Olhou o relógio do computador até que o minuto mudasse. Balançando a perna, digitou algumas linhas. Batucando com os dedos da mão direita na mesa, leu o que tinha digitado. Olhou as horas. Outra vez. Com o mouse, clicou no ícone de impressão de documento de texto e no ícone de abertura de nova janela da internet. Levantou os olhos e ficou um tempo imóvel, os olhos na direção da janela do prédio. Levantou o corpo e se pôs a caminhar até a impressora. Voltou à sua baia e navegou pela internet enquanto balançava as pernas e batucava na mesa com a mão que não estava segurando o mouse. Olhou as horas, desligou o computador. Guardou na gaveta a folha impressa. Dali tirou a carteira e uma sacola de supermercado que continha uma peça de roupa. Disse que já estava indo aos colegas de bancada e saiu rapidamente. 

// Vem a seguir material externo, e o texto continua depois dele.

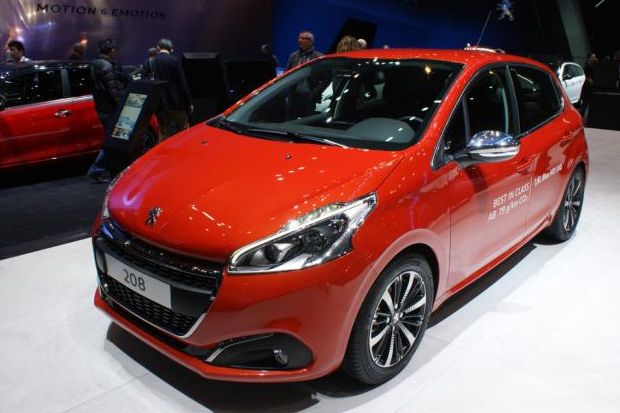 Peugeot 208 Tampil Baru...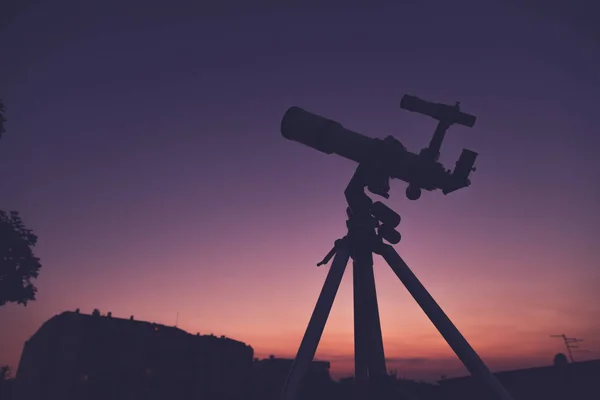 空の上の星と望遠鏡のシルエット — ストック写真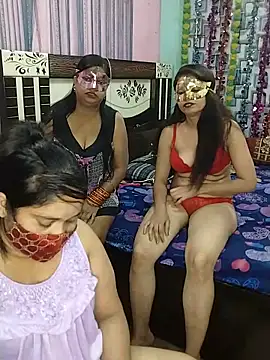 Snapshot of Sexy_anaamika chatting on 4, 11, 2025 Sexy anaamika online show from 4, 11, 2025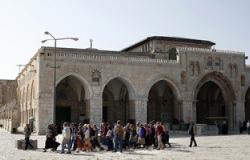 شابان يهوديان يؤديان طقوس زواجهما بباحات المسجد الأقصى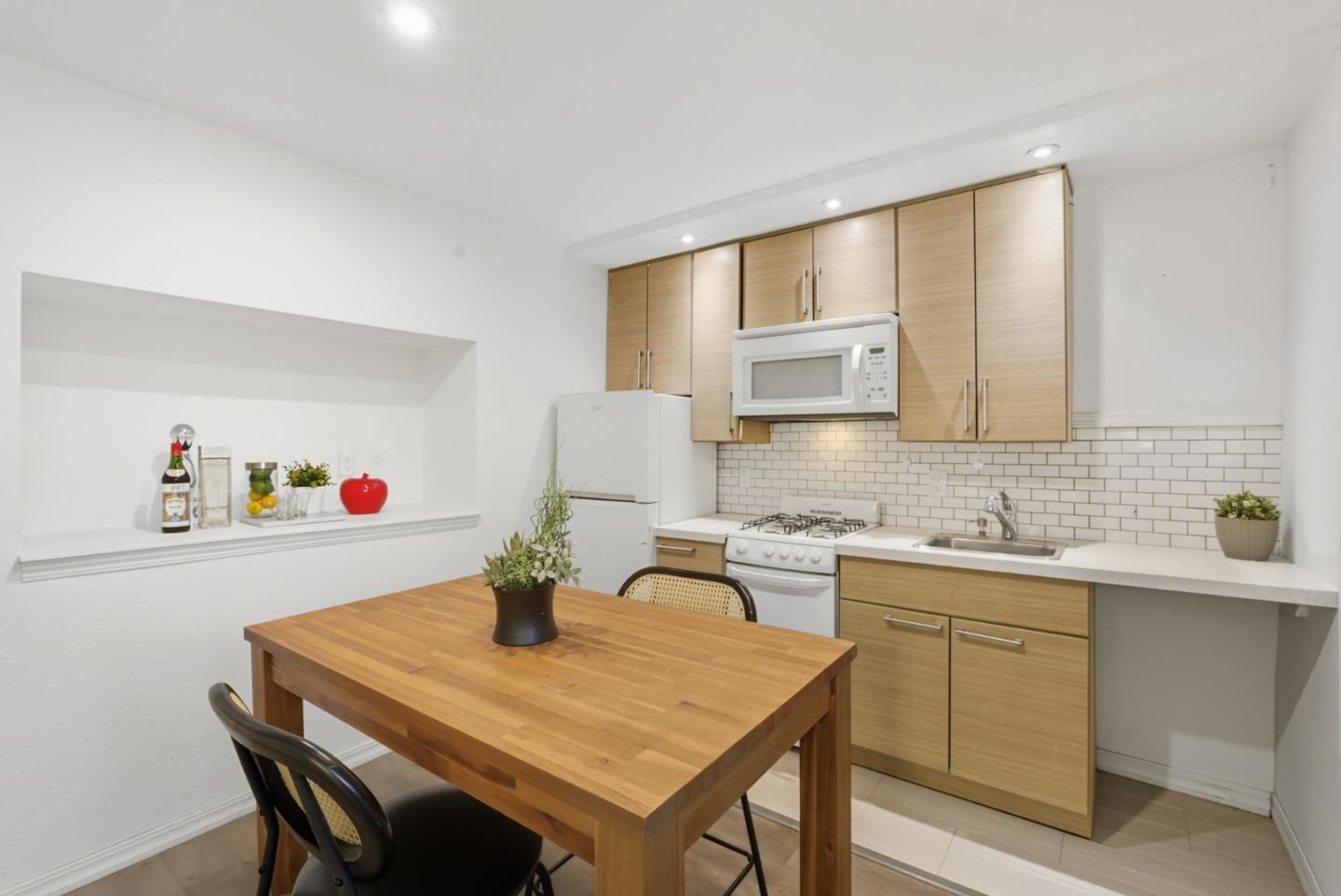 Detail Gallery Image 8 of 69 For 401 Orizaba Ave, San Francisco,  CA 94132 - 3 Beds | 1 Baths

No táxi, perguntou ao motorista se podia ligar o rádio. Sintonizou uma estação AM. O trânsito ficava mais lento conforme se aproximava o local. Parou de balançar a perna, desligou o rádio e pagou o táxi. Misturado à multidão, tirou a camisa social e vestiu a peça da sacola. Alguns lhe cumprimentaram. Sorriu. 

Na rampa de acesso, muitos cantavam. Cantou também. Já dentro, conseguiu um lugar bem no meio, com visão panorâmica. Cantou, e desta vez também bateu palmas. Então gritou 11 nomes. E vaiou outros onze. Olhou o relógio do celular. Esfregou os dedos, contraiu as mãos. Gritou: Uuuuuu! Pulou, e o chão tremia. Ele também, as pernas balançando, os lábios, os dentes apertados. Xingou. 

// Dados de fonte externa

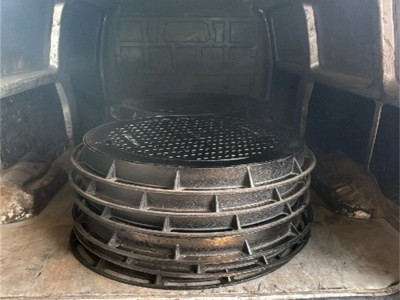 日常發(fā)貨 球墨鑄鐵井蓋 鑄鐵井蓋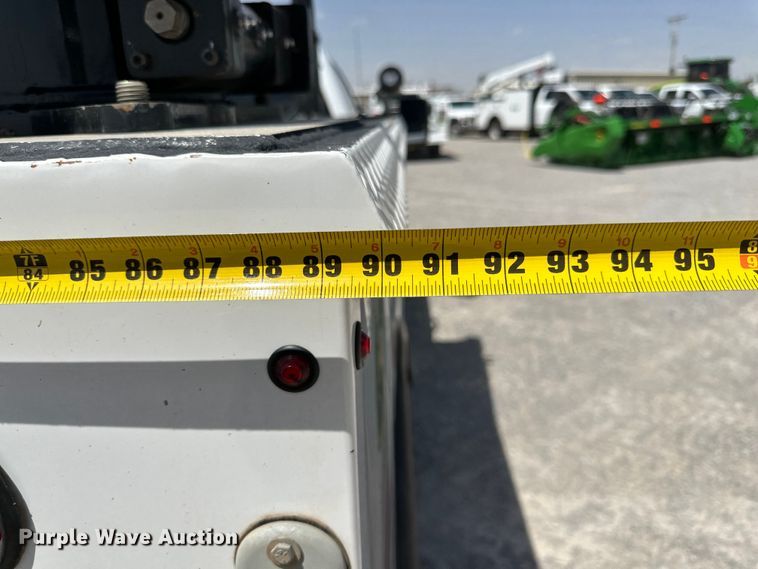 image for item DK6658 2015 GMC Sierra 3500HD utility bed pickup truck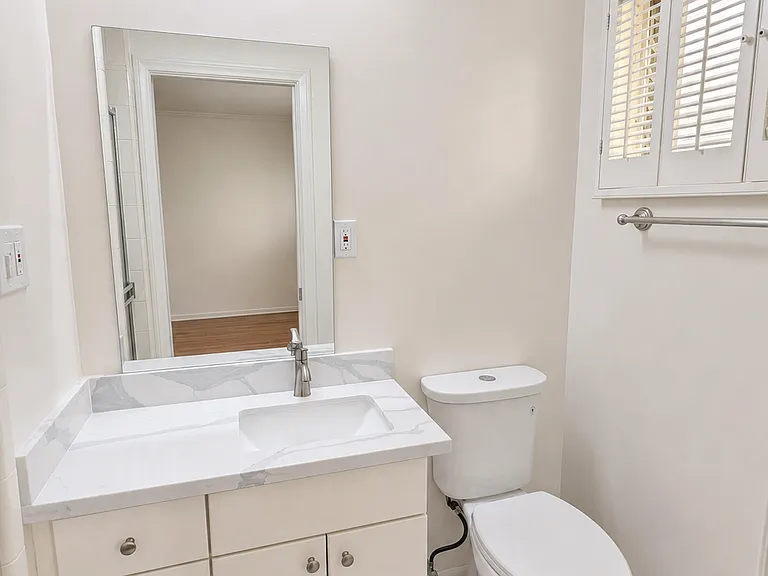 12240 Montana Ave #105 — Photo 17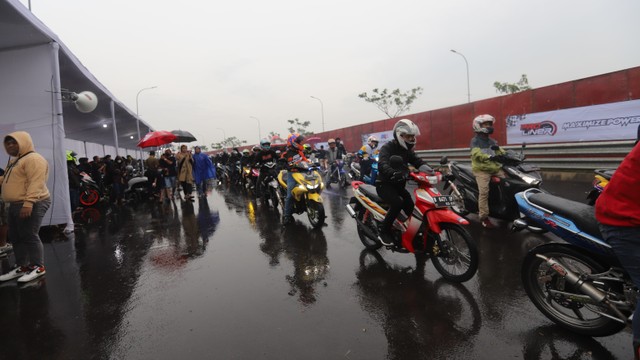 Fastron Enduro Street Race Polda Metro Jaya di BSD, Tangerang. Foto: Muhammad Ikbal/kumparan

Olhou o relógio. Falou com o desconhecido ao lado. O desconhecido ofereceu-lhe um cigarro. Recusou, mas xingaram juntos quando a bandeirinha foi levantada. Noutro momento, soltou um “Puta que pariu” e bateu com as mãos fechadas na arquibancada. Repetidas vezes. 

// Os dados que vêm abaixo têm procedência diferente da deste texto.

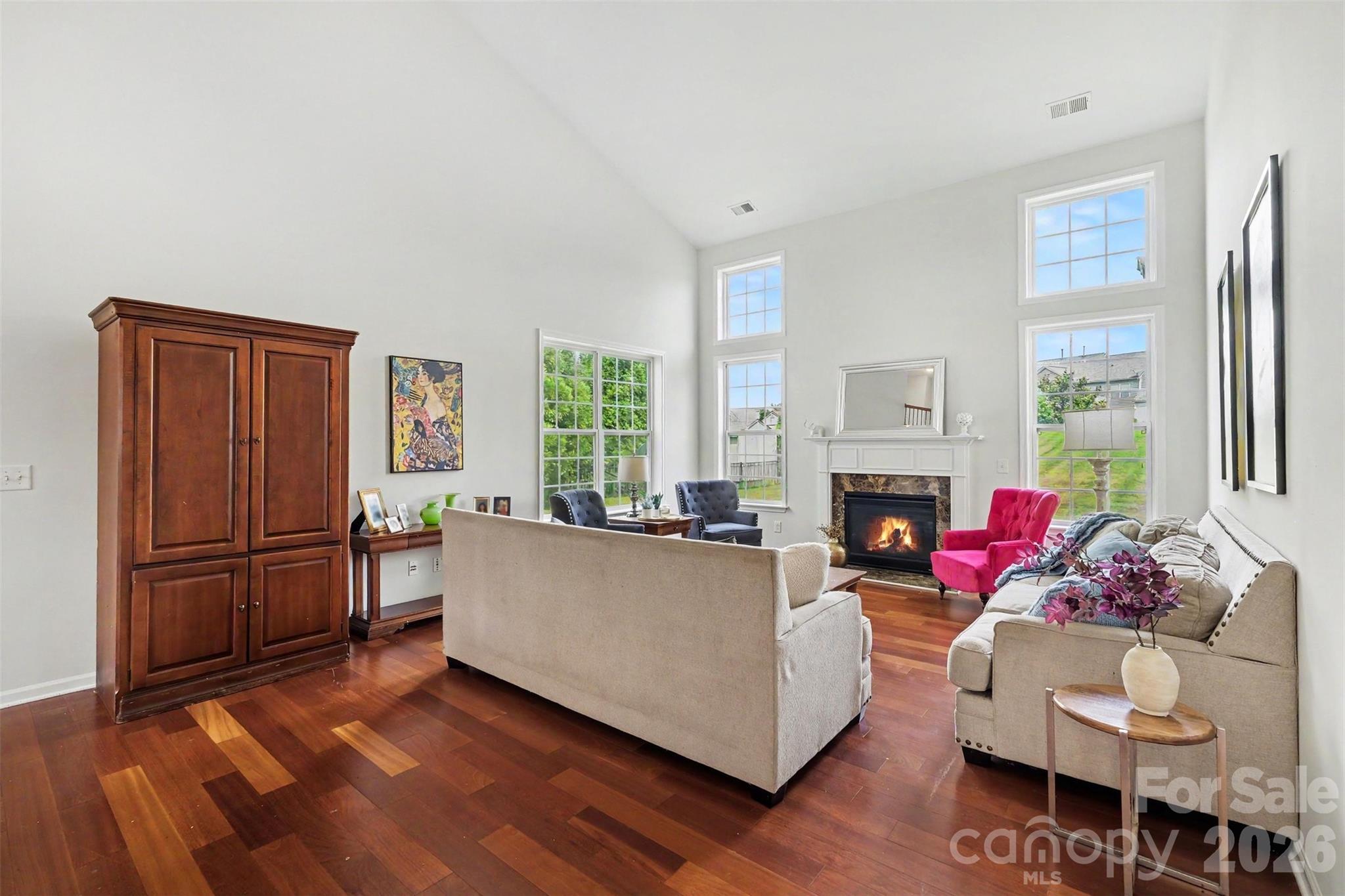 4396 Foxfield Court Property Photo 6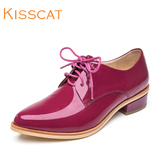 KISSCAT接吻猫漆皮尖头女鞋系带低跟鞋学院风方跟深口单鞋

No intervalo, comeu um sanduíche de pernil com mordidas grandes. 

Olhou o relógio. Ao seu redor, a cantoria recomeçava. Ficou quieto. Cruzou os braços e balançou as pernas. De vez em quando, soltava um xingamento. A cantoria parou, aos poucos. Outro desconhecido, de radinho, reclamou do que assistiam. Concordou e olhou o relógio do celular. Deu ordens de mudança para o cara em pé ao lado do campo. Muitos deram. Mas eram os mesmos onze do começo, e assim continuou. Olhou o relógio. Pôs a mão na cabeça. Franziu a testa. Olhou o relógio. Balançou a cabeça em ritmo mais acelerado. Mordeu os lábios com força. 

E então relaxou. Os corpos se esfregaram; misturaram-se suores. Pulou. Pulou muito. Gritando. Gritando muito. Abraçou desconhecidos. Pularam abraçados. Sorrindo, rindo, alguns chorando. 

E cantando. Cantou até o final, acompanhando os minutos pelo celular. E vibrou em definitivo quando o homem de preto articulou seu derradeiro trinado naquela noite de rouca felicidade.


Obs.: a quinta-feira do título é a de outro título – 14 de julho de 2005, quando Rogério Ceni ergueu o tricampeonato da Libertadores. Me lembrei desse dia ao me arrepiar com as palavras de Rogério em seu recente jogo de despedida: "Meu último pedido, esse não foi combinado e talvez seja o mais difícil, mas um dia vai acontecer. Queria pedir para os meus familiares, filhos: no dia em que eu morrer, por gentileza, que isso se faça, que eu seja cremado e que joguem as cinzas do meu corpo no Morumbi, para eu me lembrar para sempre de tudo que aconteceu aqui".